INSTRUCTIONS TO FOLLOW :: Return the listing below unchanged, except that the pictures are dropped.

DATA PROVIDED ::
++++
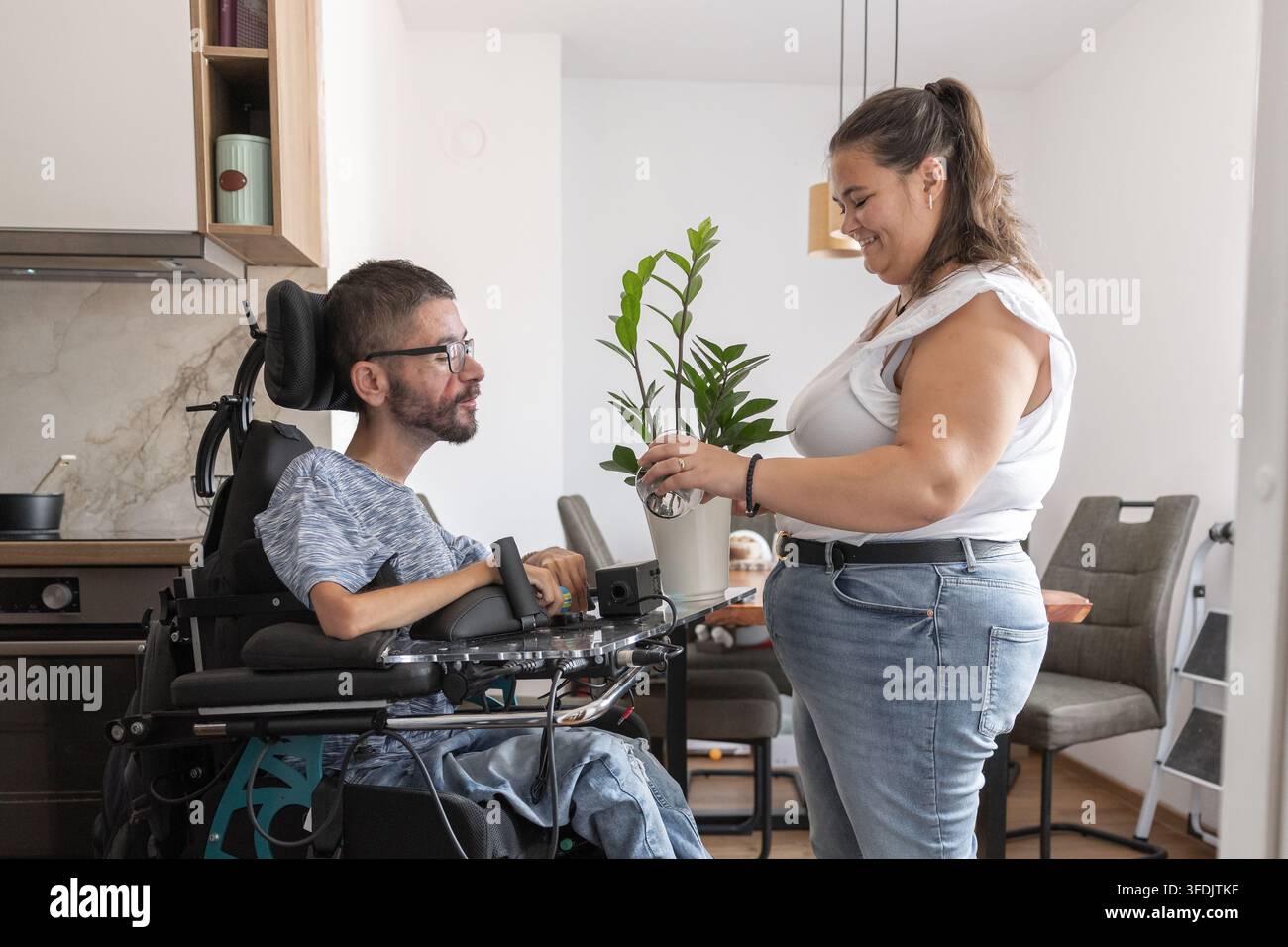 Persönliche Assistentin und ein Mann mit Behinderung pflegen gemeinsam eine Zimmerpflanze und genießen ihren Duft zu Hause. Stockfoto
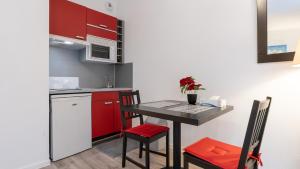 a small kitchen with a table and red cabinets at Virginia N104 - ST2 in Grasse +2 photos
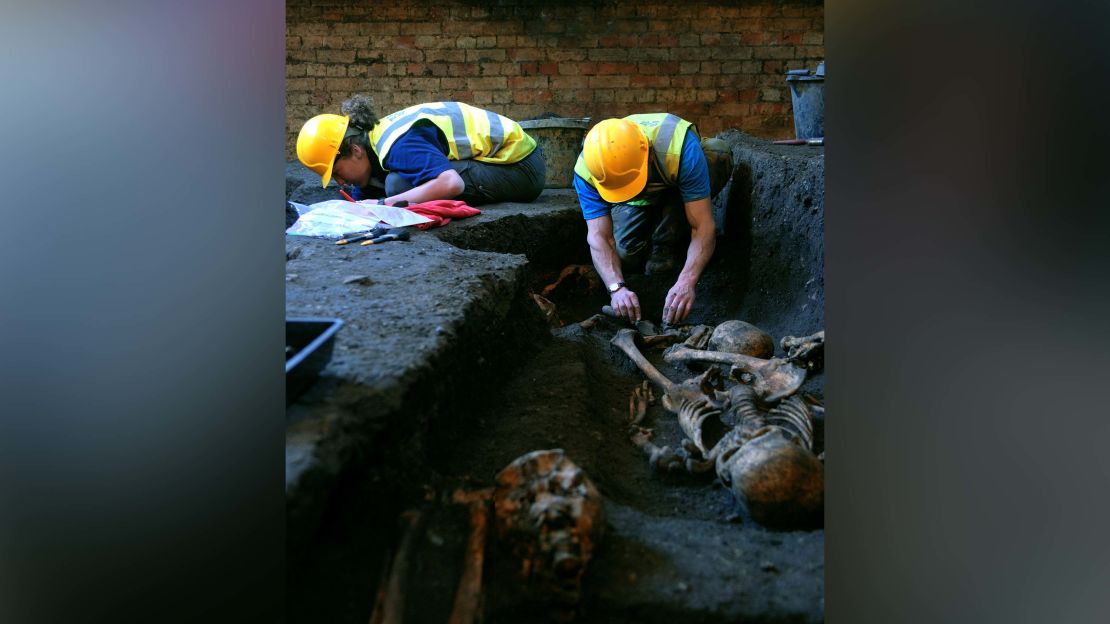 Members of the Cambridge Archaeological Unit at work on the excavation of skeletons in 2010.  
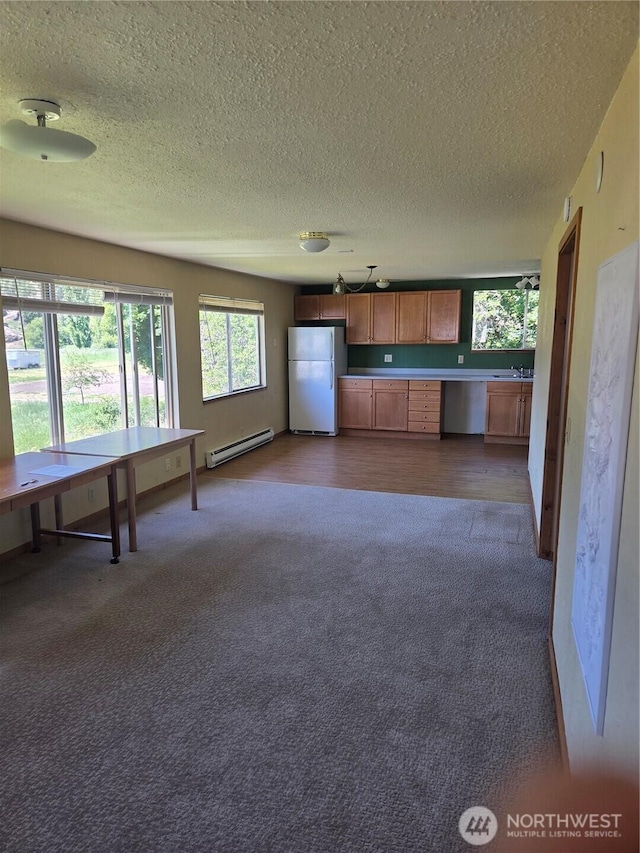 12749 Ranger Rd, Leavenworth, WA 98826 - kitchen featuring freestanding refrigerator, a baseboard heating unit, dark carpet, a textured ceiling, and a sink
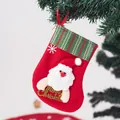 Festive red Christmas stocking gift bag with 3D Santa Claus appliqué and Merry Christmas text - Striped Santa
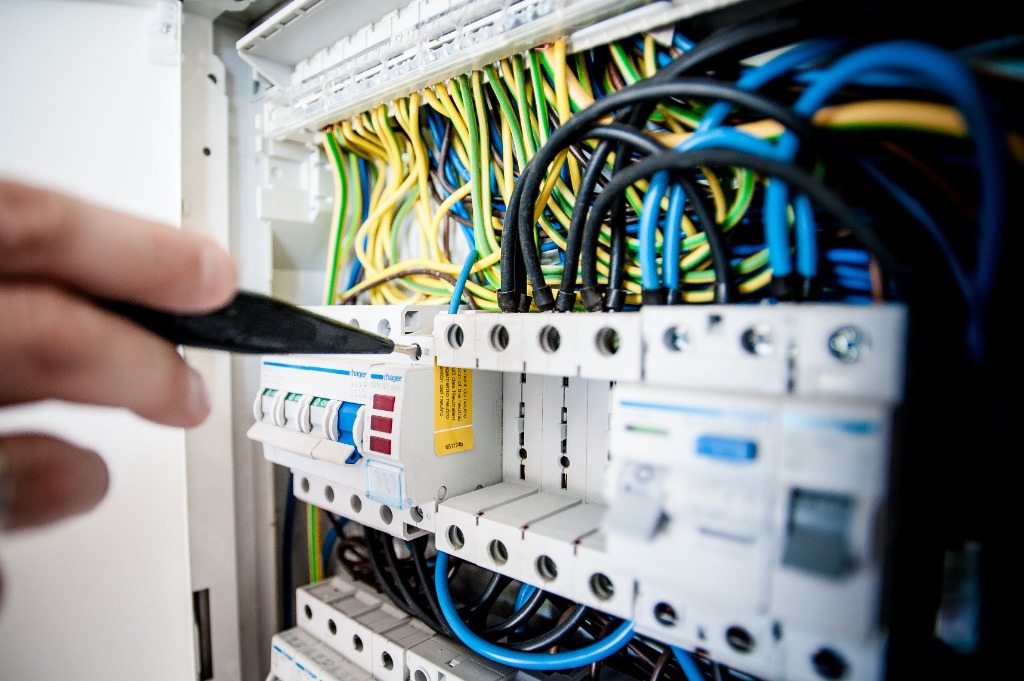 Electrician testing fuse board wiring in Great Yarmouth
++++
RESPONSE TO THIS TASK ::
 Persönliche Assistentin und ein Mann mit Behinderung pflegen gemeinsam eine Zimmerpflanze und genießen ihren Duft zu Hause. Stockfoto
 a small kitchen with a table and red cabinets at Virginia N104 - ST2 in Grasse +2 photos
 Members of the Cambridge Archaeological Unit at work on the excavation of skeletons in 2010.  
 12749 Ranger Rd, Leavenworth, WA 98826 - kitchen featuring freestanding refrigerator, a baseboard heating unit, dark carpet, a textured ceiling, and a sink
 Festive red Christmas stocking gift bag with 3D Santa Claus appliqué and Merry Christmas text - Striped Santa
 Electrician testing fuse board wiring in Great Yarmouth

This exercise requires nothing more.